Directions for this task.
Nothing in the data may be changed; retype all of it.

Data extract.
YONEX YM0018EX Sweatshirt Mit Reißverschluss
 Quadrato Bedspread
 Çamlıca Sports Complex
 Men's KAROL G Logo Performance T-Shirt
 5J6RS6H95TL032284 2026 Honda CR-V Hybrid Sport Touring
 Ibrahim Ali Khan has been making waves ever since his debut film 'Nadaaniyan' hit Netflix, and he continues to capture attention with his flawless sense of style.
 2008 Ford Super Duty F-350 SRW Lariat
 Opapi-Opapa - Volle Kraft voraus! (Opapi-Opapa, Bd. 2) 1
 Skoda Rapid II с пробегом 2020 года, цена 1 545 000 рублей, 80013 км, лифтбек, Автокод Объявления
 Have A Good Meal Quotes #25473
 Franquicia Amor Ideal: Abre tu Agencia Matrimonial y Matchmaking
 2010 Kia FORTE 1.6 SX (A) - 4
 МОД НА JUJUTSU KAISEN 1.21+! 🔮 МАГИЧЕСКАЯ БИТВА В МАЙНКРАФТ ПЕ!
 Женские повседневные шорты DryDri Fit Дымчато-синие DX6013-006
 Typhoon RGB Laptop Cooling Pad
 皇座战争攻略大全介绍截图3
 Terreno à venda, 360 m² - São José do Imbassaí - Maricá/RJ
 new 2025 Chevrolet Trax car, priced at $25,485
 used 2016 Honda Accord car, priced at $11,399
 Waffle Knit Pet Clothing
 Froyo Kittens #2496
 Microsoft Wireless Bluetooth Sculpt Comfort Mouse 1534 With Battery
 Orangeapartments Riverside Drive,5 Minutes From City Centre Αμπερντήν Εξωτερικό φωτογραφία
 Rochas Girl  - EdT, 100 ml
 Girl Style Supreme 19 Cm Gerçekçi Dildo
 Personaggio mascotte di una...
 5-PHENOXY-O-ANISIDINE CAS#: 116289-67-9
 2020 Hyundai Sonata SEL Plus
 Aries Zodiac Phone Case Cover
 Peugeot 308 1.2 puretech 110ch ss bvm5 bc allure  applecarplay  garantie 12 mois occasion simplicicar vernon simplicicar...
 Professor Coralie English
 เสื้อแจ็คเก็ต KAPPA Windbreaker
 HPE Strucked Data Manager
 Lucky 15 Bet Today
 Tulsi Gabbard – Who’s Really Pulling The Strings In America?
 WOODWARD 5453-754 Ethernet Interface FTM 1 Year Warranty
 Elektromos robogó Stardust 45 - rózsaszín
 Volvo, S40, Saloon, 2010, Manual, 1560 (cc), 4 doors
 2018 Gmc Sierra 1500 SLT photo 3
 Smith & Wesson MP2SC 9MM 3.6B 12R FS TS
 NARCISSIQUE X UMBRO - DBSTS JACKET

Exercise response.
YONEX YM0018EX Sweatshirt Mit Reißverschluss
 Quadrato Bedspread
 Çamlıca Sports Complex
 Men's KAROL G Logo Performance T-Shirt
 5J6RS6H95TL032284 2026 Honda CR-V Hybrid Sport Touring
 Ibrahim Ali Khan has been making waves ever since his debut film 'Nadaaniyan' hit Netflix, and he continues to capture attention with his flawless sense of style.
 2008 Ford Super Duty F-350 SRW Lariat
 Opapi-Opapa - Volle Kraft voraus! (Opapi-Opapa, Bd. 2) 1
 Skoda Rapid II с пробегом 2020 года, цена 1 545 000 рублей, 80013 км, лифтбек, Автокод Объявления
 Have A Good Meal Quotes #25473
 Franquicia Amor Ideal: Abre tu Agencia Matrimonial y Matchmaking
 2010 Kia FORTE 1.6 SX (A) - 4
 МОД НА JUJUTSU KAISEN 1.21+! 🔮 МАГИЧЕСКАЯ БИТВА В МАЙНКРАФТ ПЕ!
 Женские повседневные шорты DryDri Fit Дымчато-синие DX6013-006
 Typhoon RGB Laptop Cooling Pad
 皇座战争攻略大全介绍截图3
 Terreno à venda, 360 m² - São José do Imbassaí - Maricá/RJ
 new 2025 Chevrolet Trax car, priced at $25,485
 used 2016 Honda Accord car, priced at $11,399
 Waffle Knit Pet Clothing
 Froyo Kittens #2496
 Microsoft Wireless Bluetooth Sculpt Comfort Mouse 1534 With Battery
 Orangeapartments Riverside Drive,5 Minutes From City Centre Αμπερντήν Εξωτερικό φωτογραφία
 Rochas Girl  - EdT, 100 ml
 Girl Style Supreme 19 Cm Gerçekçi Dildo
 Personaggio mascotte di una...
 5-PHENOXY-O-ANISIDINE CAS#: 116289-67-9
 2020 Hyundai Sonata SEL Plus
 Aries Zodiac Phone Case Cover
 Peugeot 308 1.2 puretech 110ch ss bvm5 bc allure  applecarplay  garantie 12 mois occasion simplicicar vernon simplicicar...
 Professor Coralie English
 เสื้อแจ็คเก็ต KAPPA Windbreaker
 HPE Strucked Data Manager
 Lucky 15 Bet Today
 Tulsi Gabbard – Who’s Really Pulling The Strings In America?
 WOODWARD 5453-754 Ethernet Interface FTM 1 Year Warranty
 Elektromos robogó Stardust 45 - rózsaszín
 Volvo, S40, Saloon, 2010, Manual, 1560 (cc), 4 doors
 2018 Gmc Sierra 1500 SLT photo 3
 Smith & Wesson MP2SC 9MM 3.6B 12R FS TS
 NARCISSIQUE X UMBRO - DBSTS JACKET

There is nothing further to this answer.